If you are a seller trying to sell in a market where you are competing with bank owned properties you need to make sure your house shows better than the bank-owned properties and is priced competitively compared to all of the competition.

If you are a current home owner facing foreclosure contact your lender immediately and try to renegotiate your loan terms. This is becoming more common as the rate of foreclosures increase. Remember that banks don’t want to foreclose on your house because it costs them a lot of time and money to do so.

Read the Washington Post article about suburbs seeing a rise in foreclosures here.

If you would like to discuss this topic further please contact me via email or phone.

Monday, April 30, 2007

Builders and In-House Lending

The Washington Post article “Beware of Builders Bearing Gifts and Pushing Lending” warns buyers against solely looking at lenders which builders push onto them. While the incentives can seem nice, the buyer needs to make sure that it isn’t coming at a higher cost.

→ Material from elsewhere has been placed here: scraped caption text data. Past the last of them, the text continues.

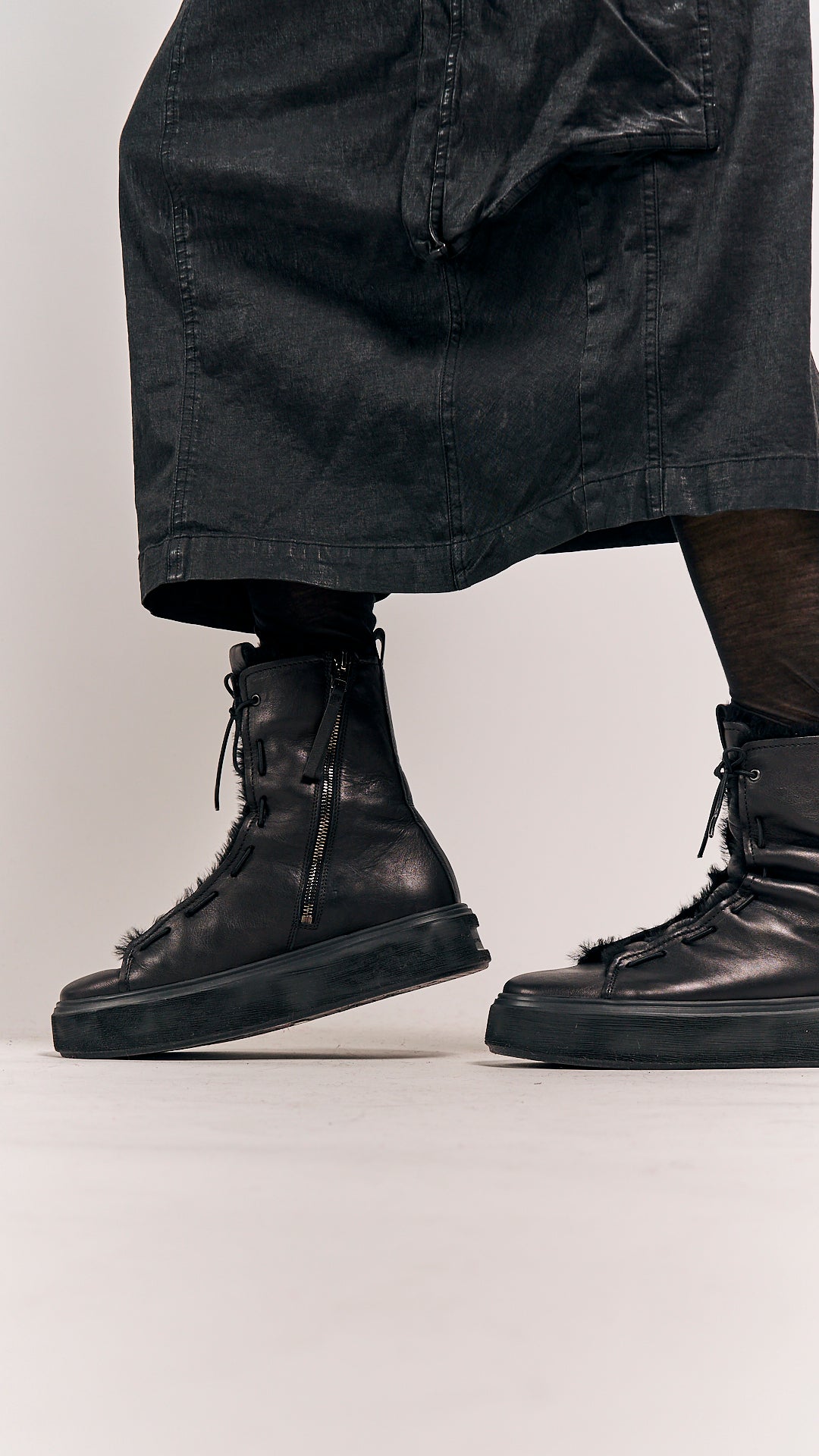 Puro Secret Boots Calf Black with Fur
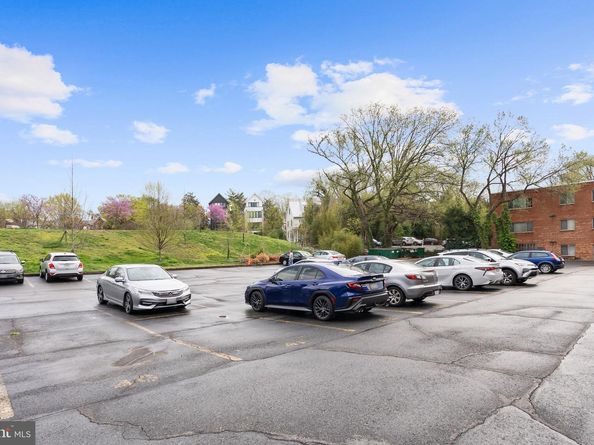 4491 Macarthur Boulevard NW 303, Washington DC 20007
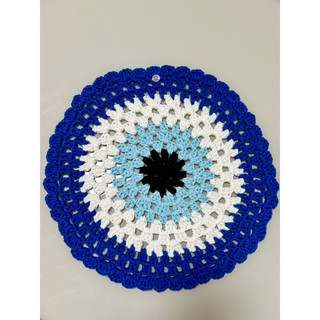 Sousplat Crochê Olho Grego 35cm Jogo Americano Redondo Azul Proteção Mesa Posta Artesanal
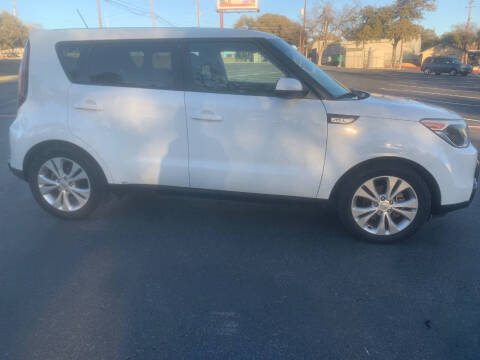 2016 Kia Soul +
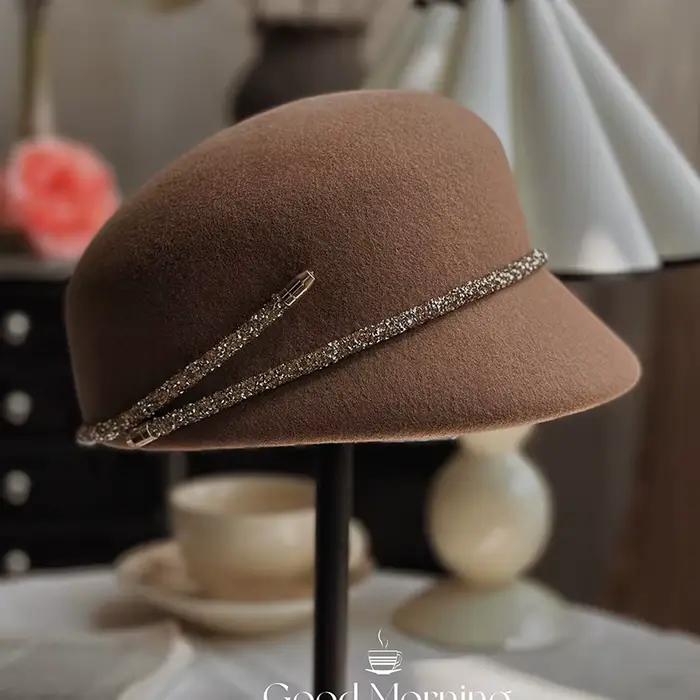 Béret en tweed de laine décoré de strass style britannique vintage pour femmes élégantes occasions spéciales automne hiver équitation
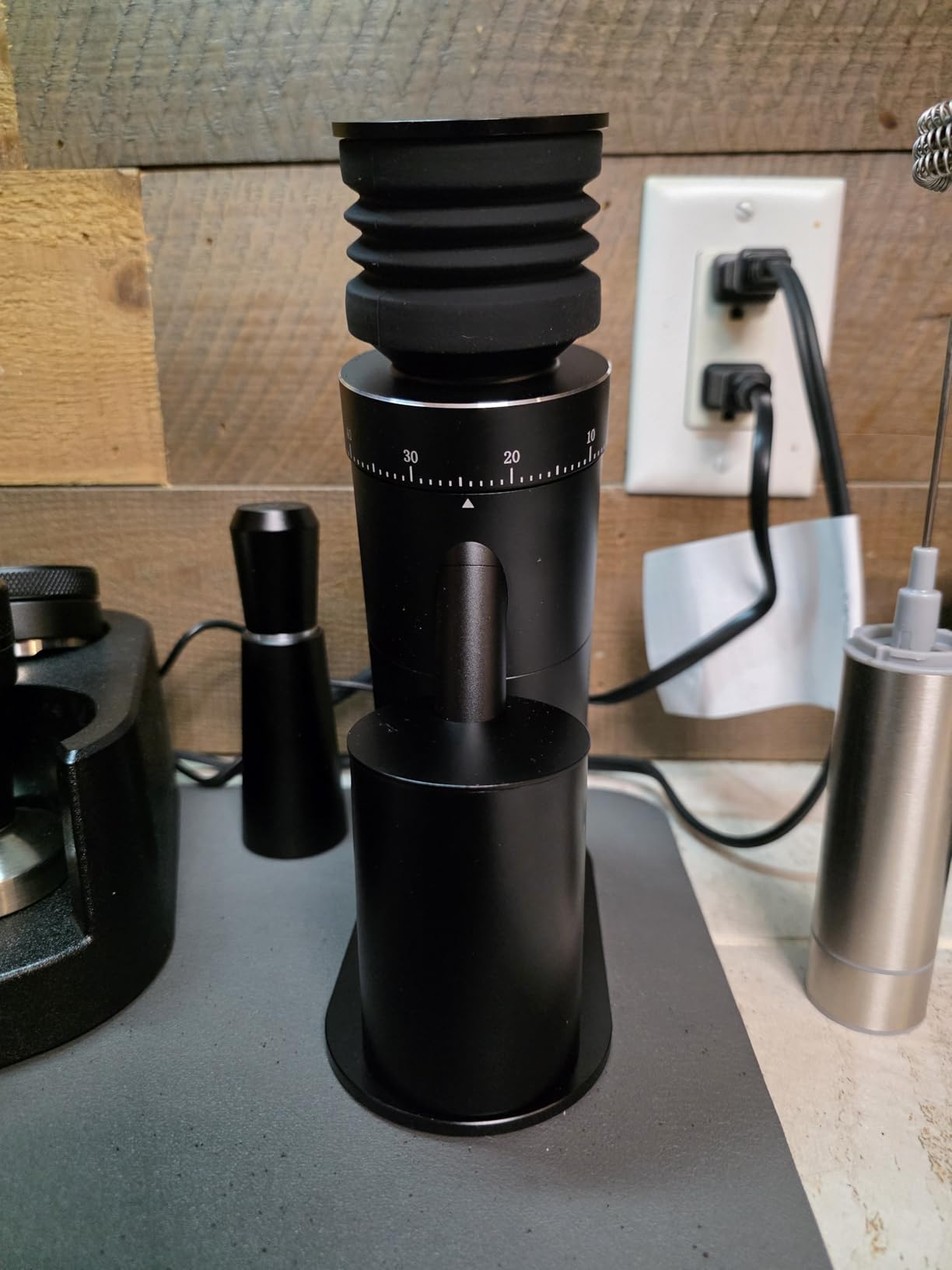 Coffee Grinder, Viesimple Gen 4, Single Dose Burr Coffee Grinders with Magnetic Dosing Cup, Electric Coffee Bean Grinder with Anti-Static Design, Espresso Grinder Compact & Quiet for Home Use Black customer photo 1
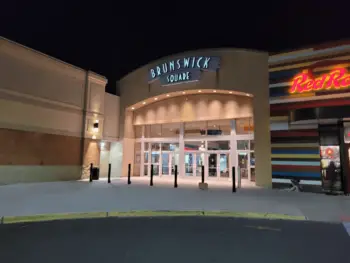 Can Brunswick Square Mall Survive in East Brunswick, NJ?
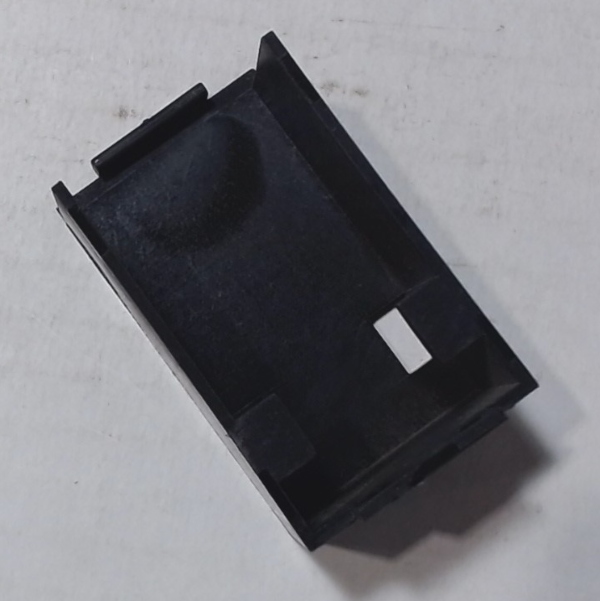 BRACKET / 9V BATTERY / PLASTIC / VERTICAL MOUNT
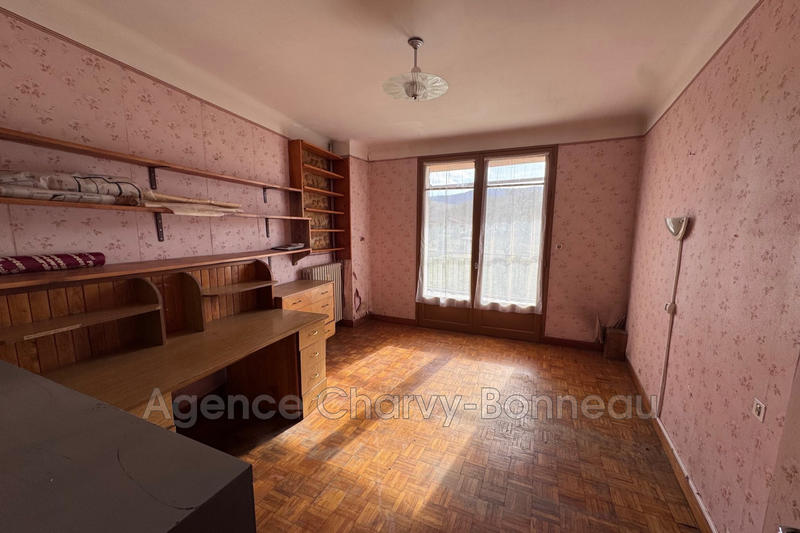 Maison - 182 m² - 9 pièces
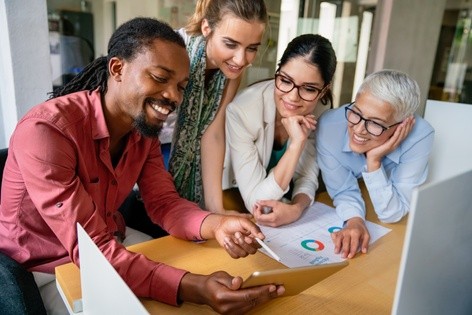 Qui embauche ? Ayez un impact avec les rôles de communication et de marketing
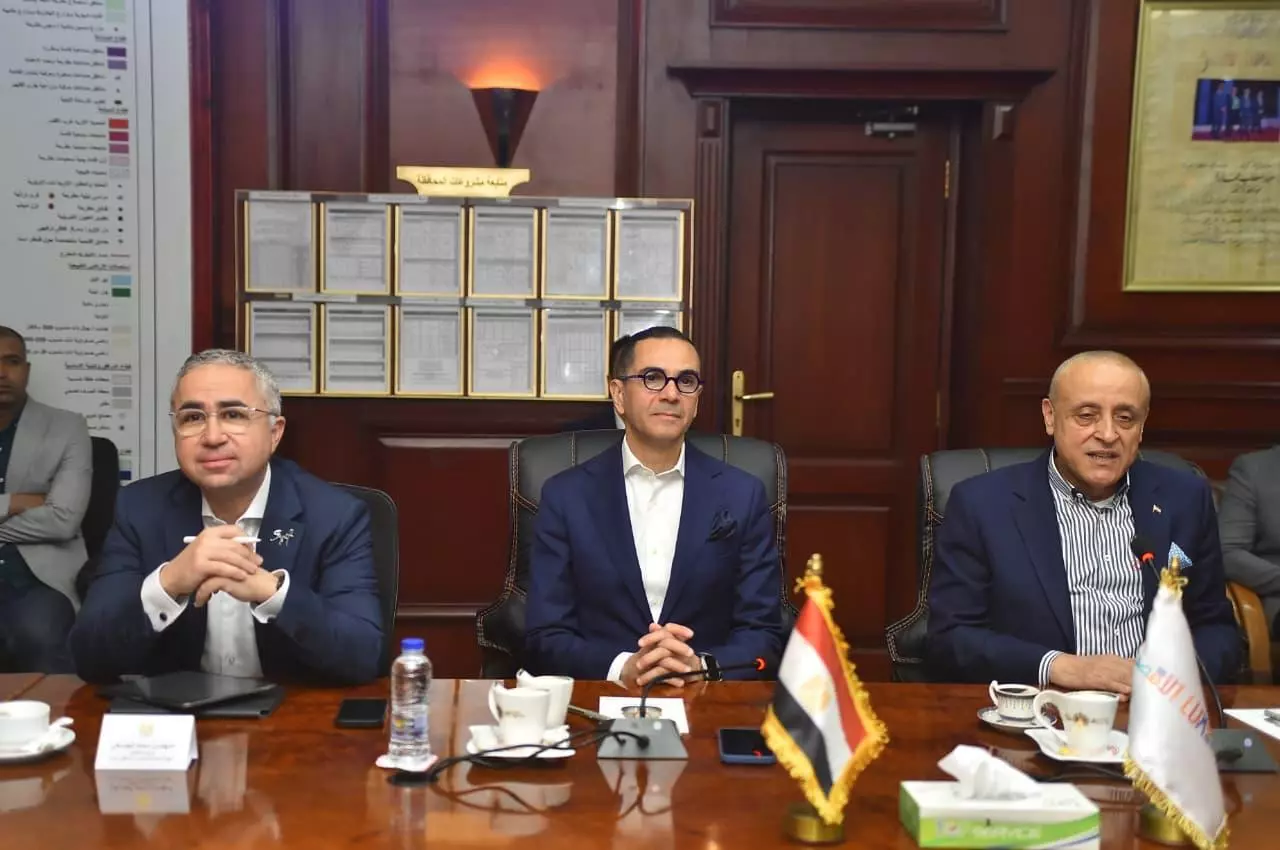 E9a5081045008477cec27c538e556c27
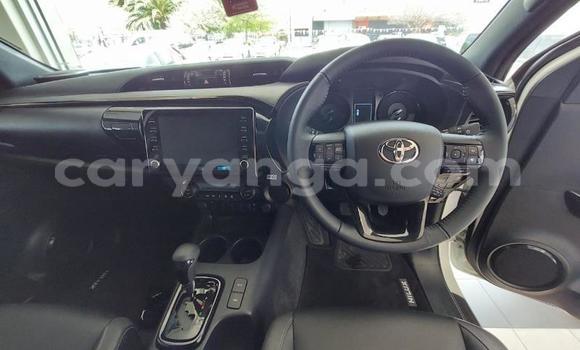 Nunua Ilio tumika Toyota Hilux White Gari ndani ya Blantyre nchini Malawi Nunua Ilio tumika Toyota Hilux White Gari ndani ya Blantyre nchini Malawi
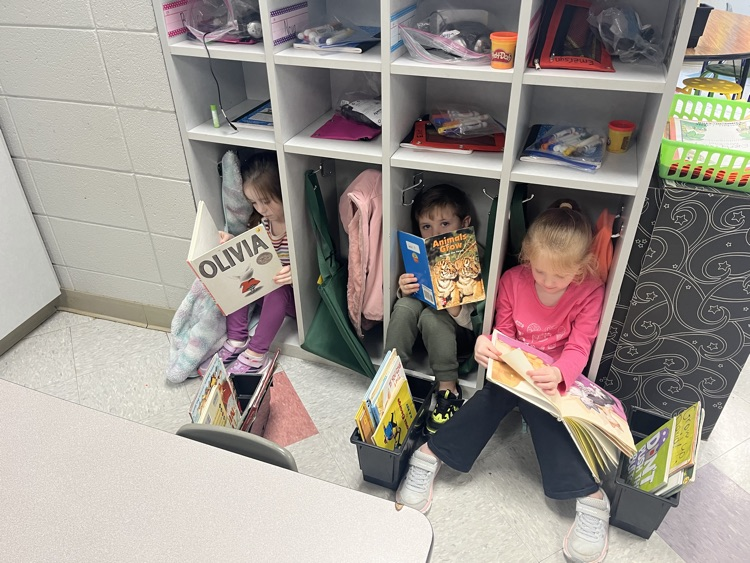 k5 class reading for read across America Week 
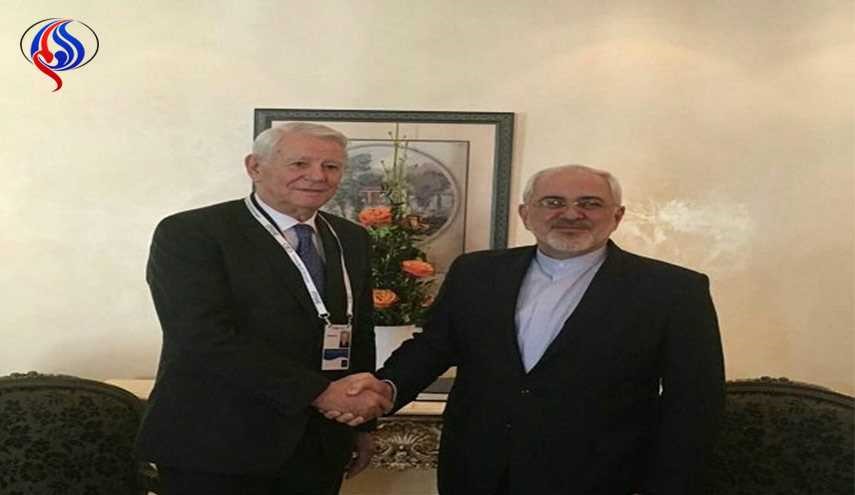 ظريف يلتقي نظيره الروماني على هامش مؤتمر ميونيخ للأمن
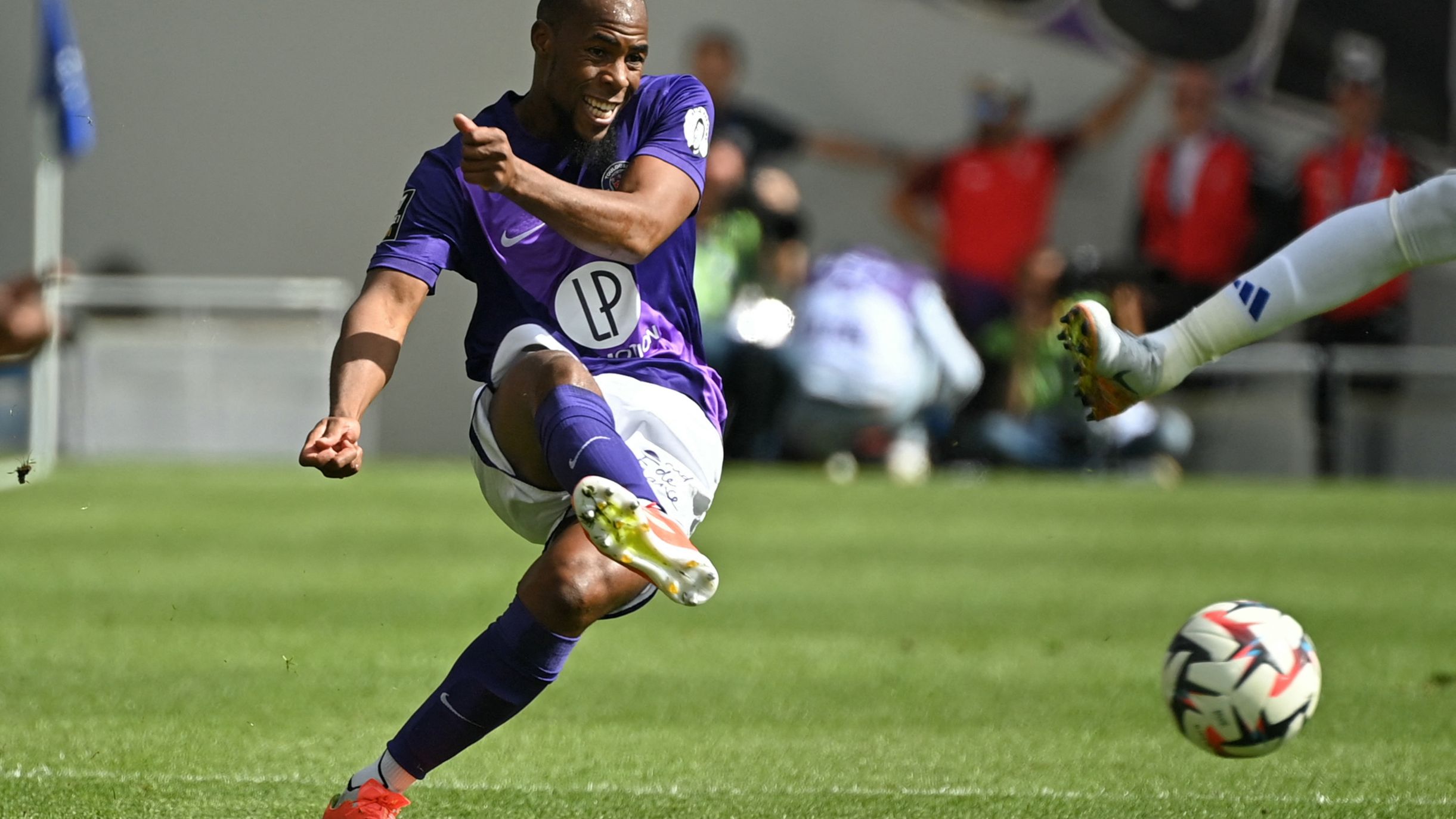 FBL-FRA-LIGUE1-TOULOUSE-LYON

“Taking out the wrong mortgage can be a very expensive mistake over the long term. An expensive mortgage could cost more than the real value of steam jets and granite counter tops. And you wont know if the preferred lender’s offerings are overpriced, whether in terms of interest rates, prepaid interest (known as points) or loan-related fees, unless you’ve already talked to outside lenders.” Read the article here.

The only true and complete way to compare lenders is to get one or several Good Faith Estimates from local lenders. With the Good Faith Estimate, a buyer can go into the model home knowing what their interest rates and payments would be with the outside lender, which provides valuable comparison to the in-house lending companies. With this comparison, a buyer can make sure that the incentives offered by the builder are actually worth using their preferred lender. Even before you look at the model homes, get a Good Faith Estimate.

Monday, April 09, 2007

HGTV's 10 Ways to Increase the Value of Your Home

HGTV lists ten ways to increase the value of a home. Watch the videos here.

Here's a summary I put together of each video:

1. Plan out your remodel. Make sure you balance what you want and what you need so that your remodel doesn't get out of hand.

2. Keep all projects manageable, tackle only one room at a time.

3. Improvements to both d├ęcor and fixtures can increase the value of your home. Updated furniture and fixtures show buyers an inviting atmosphere.

4. A clean, clutter-free place not only feels good, it can mean dollars in your pockets when selling a home.

5. Curb appeal counts. Small inexpensive changes to the outside of a home create excitement and interest for buyers.

6. Updated kitchens translate into the maximum return on your money when selling a home.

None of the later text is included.